Growing up in Vancouver, Anita Bisset was blessed with a gift that many more young artists could benefit from: a living, breathing model of a successful career in the arts. “I had a cousin, about fifteen years older than me, who was earning a very good living as a graphic designer in Toronto,” she recalls. “So in my family, when I wanted to be an artist, I was always encouraged, even praised from a young age.” It’s the kind of support that would see her on to a successful career of her own in the arts, handcrafting jewellery as Juliet925, and allowing her to pay a bit of it back, as she champions for the arts in a budding scene in Fort Langley.
After art school at Kwantlen College where she experimented in many different mediums, Anita worked in galleries and continued to study in private classes and workshops while she raised her first child. It’s when she began painting, and eventually she would run her own gallery in the International Village with fellow artist Cheryl Hunter. Living in Yaletown and commuting across town to the Hunter-Bisset Gallery, Anita would pass by Vancouver Community College where she spied a part-time jewellery-making program. “I thought, I’m not making a living selling my paintings, but I love to create things, so I’m gonna try this,” she recalls.
She immediately took to silversmithing. “To me, to take a piece of sterling silver wire, it’s like holding a pencil in my hand,” she says. “It becomes, what can I create with this? So I challenged myself to make different styles of chains and different things with that one specific type of wire.
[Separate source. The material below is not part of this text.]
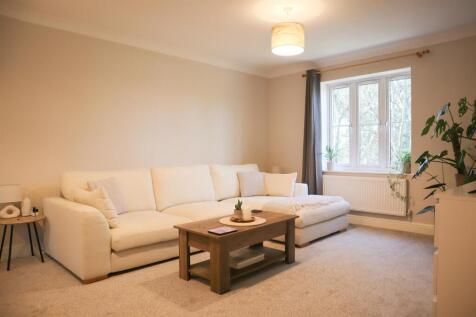 Sitting Room Photo 2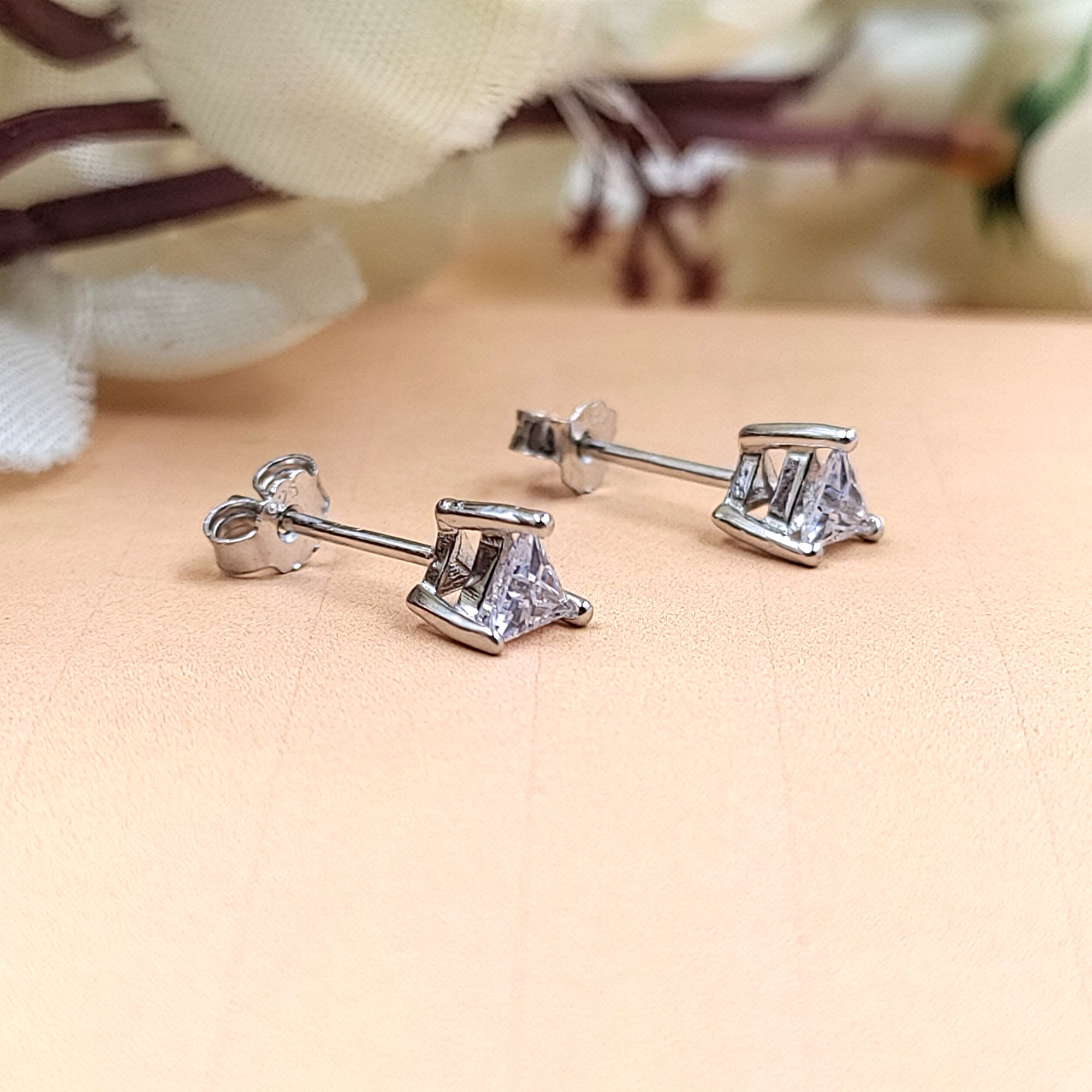 Solitaire Stud Earring Cute Diamond 4 MM CZ Stud Triangle Minimalist Handmade Stud with Pushback 925 Silver Gift for lover Girlfriend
I worked like that for a whole year, whatever I could solder together in different shapes.”
Almost right away, Anita’s jewellery took off and soon her work was in stores. She moved out of the gallery business and into a studio space in East Vancouver that she found and wanted to share with fellow local jewellers. “It can be hard for jewellers to find space because we make noise and we work with fire,” she says. “So I rented a larger place and cordoned off smaller spaces to sublet out to other jewellers, other noisy people that use fire.”
Then about three years ago, Anita was out in Fort Langley visiting friends and saw the abundance of live/workspaces where artists could have a small retail shop of their own and simply live above it. “It appealed to me because I wanted my own shop, but after the gallery, I didn’t want to be tied to retail hours anymore,” she says. She keeps limited hours now so she has more time to create, which is good because opening sales online last year has kept her all the right kinds of busy.
Her shop downstairs became the Fort Finery and now not only showcases Anita’s work but that of other artists she wanted to support as well, from hand-drawn greeting cards to ceramics to leather goods. And she would find herself in the right place at the right time once again when she met her new neighbour, a graphic designer with a “slight obsession” with antique printing presses. She and Paul Wood would soon collaborate on Art Fort Langley to generate awareness of the many artists and the diverse work they create in Fort Langley through fun, interactive events like the Art Walk and Wine Tasting that debuted in 2019 to great acclaim and is all set to become an annual event.
Art Fort Langley is also in the very first stages, “currently planting the seeds,” Anita says, of bringing more public art to Fort Langley. “It is a passion that both Paul and I share. Art in public spaces just enhances the quality of life. It’s part of what makes a community interesting.”
Well into a rewarding career in the arts, Anita has followed her cousin’s lead for sure, but what’s more is the path of her own she’s forged. And through it all, the artist’s wandering spirit still calls to her, as does the growing collection of blank canvas in her garage. “I want to get back to painting,” she says. “I miss it!”